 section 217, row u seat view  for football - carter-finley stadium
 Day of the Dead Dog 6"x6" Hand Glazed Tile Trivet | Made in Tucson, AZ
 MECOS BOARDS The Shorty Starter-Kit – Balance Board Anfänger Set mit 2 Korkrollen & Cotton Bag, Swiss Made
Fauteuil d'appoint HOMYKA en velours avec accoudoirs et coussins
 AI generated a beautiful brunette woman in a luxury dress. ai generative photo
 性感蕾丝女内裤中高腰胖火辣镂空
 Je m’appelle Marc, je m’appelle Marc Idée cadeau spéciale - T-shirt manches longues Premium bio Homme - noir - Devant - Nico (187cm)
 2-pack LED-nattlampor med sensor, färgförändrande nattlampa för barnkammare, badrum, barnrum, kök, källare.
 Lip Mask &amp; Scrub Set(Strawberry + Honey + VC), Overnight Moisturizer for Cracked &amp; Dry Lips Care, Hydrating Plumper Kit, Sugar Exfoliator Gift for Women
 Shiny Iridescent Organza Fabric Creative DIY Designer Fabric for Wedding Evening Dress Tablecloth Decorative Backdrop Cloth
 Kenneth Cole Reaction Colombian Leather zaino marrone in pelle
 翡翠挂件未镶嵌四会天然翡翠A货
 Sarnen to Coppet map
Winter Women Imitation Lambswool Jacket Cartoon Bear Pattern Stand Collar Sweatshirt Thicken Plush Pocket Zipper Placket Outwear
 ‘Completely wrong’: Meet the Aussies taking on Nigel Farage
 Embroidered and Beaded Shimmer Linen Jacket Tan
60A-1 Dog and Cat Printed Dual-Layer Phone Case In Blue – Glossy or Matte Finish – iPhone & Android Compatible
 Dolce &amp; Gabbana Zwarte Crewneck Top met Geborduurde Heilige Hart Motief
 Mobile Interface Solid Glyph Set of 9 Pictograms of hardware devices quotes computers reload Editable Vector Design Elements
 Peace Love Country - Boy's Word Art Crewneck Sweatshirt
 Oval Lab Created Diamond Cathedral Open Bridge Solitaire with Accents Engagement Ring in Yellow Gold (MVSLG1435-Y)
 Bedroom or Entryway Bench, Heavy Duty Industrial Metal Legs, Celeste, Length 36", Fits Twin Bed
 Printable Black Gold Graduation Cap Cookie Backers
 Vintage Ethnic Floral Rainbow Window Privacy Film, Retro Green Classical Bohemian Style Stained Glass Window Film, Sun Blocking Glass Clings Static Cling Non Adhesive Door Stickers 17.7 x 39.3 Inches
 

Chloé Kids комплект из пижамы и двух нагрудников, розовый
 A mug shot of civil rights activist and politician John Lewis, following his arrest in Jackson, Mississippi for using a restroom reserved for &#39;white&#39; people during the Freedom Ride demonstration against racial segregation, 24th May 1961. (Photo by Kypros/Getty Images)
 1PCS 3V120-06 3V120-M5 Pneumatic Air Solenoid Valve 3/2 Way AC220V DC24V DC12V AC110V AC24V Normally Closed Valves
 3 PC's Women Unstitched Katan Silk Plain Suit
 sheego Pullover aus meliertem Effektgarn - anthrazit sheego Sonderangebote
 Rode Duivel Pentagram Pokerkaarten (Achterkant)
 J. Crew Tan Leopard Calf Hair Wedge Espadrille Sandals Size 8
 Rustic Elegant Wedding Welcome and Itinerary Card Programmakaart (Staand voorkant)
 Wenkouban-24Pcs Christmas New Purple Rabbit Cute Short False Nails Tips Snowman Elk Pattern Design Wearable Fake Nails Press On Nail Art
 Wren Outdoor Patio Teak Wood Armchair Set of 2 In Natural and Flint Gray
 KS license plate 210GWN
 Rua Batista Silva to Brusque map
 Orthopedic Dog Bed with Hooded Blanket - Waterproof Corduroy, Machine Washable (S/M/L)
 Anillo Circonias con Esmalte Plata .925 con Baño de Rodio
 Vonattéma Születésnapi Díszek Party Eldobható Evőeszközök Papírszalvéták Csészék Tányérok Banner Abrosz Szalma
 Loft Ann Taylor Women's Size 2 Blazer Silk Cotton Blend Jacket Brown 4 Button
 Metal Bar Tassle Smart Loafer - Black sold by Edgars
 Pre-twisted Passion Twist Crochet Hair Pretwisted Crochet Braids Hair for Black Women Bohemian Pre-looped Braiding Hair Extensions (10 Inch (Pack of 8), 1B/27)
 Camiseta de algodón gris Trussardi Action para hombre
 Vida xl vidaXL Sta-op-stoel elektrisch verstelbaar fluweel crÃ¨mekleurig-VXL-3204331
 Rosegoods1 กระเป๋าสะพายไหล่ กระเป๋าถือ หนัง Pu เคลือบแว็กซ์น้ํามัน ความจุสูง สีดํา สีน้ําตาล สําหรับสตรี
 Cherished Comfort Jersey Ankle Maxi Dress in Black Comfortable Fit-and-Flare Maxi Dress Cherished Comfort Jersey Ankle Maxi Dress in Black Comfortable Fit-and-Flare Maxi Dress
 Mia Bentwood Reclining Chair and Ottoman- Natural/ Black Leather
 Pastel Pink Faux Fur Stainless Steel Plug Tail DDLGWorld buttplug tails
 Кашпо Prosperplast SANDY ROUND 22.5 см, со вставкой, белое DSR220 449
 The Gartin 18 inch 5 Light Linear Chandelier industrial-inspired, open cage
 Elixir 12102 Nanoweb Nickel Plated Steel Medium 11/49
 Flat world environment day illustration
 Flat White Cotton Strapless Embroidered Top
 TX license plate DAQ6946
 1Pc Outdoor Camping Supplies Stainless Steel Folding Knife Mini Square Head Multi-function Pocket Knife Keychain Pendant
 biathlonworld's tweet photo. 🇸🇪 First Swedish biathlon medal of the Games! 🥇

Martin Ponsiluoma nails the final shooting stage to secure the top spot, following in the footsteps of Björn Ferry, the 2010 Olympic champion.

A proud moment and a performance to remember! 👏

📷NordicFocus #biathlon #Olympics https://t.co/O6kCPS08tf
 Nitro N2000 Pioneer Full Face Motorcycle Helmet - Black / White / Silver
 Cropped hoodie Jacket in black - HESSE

--

Would you print exactly, and only, the lines of the data above from the line with "Rosegoods1 กระเป๋าสะพายไหล่ กระเป๋าถือ" through the line with "TX license plate DAQ6946", inclusive?

 Rosegoods1 กระเป๋าสะพายไหล่ กระเป๋าถือ หนัง Pu เคลือบแว็กซ์น้ํามัน ความจุสูง สีดํา สีน้ําตาล สําหรับสตรี
 Cherished Comfort Jersey Ankle Maxi Dress in Black Comfortable Fit-and-Flare Maxi Dress Cherished Comfort Jersey Ankle Maxi Dress in Black Comfortable Fit-and-Flare Maxi Dress
 Mia Bentwood Reclining Chair and Ottoman- Natural/ Black Leather
 Pastel Pink Faux Fur Stainless Steel Plug Tail DDLGWorld buttplug tails
 Кашпо Prosperplast SANDY ROUND 22.5 см, со вставкой, белое DSR220 449
 The Gartin 18 inch 5 Light Linear Chandelier industrial-inspired, open cage
 Elixir 12102 Nanoweb Nickel Plated Steel Medium 11/49
 Flat world environment day illustration
 Flat White Cotton Strapless Embroidered Top
 TX license plate DAQ6946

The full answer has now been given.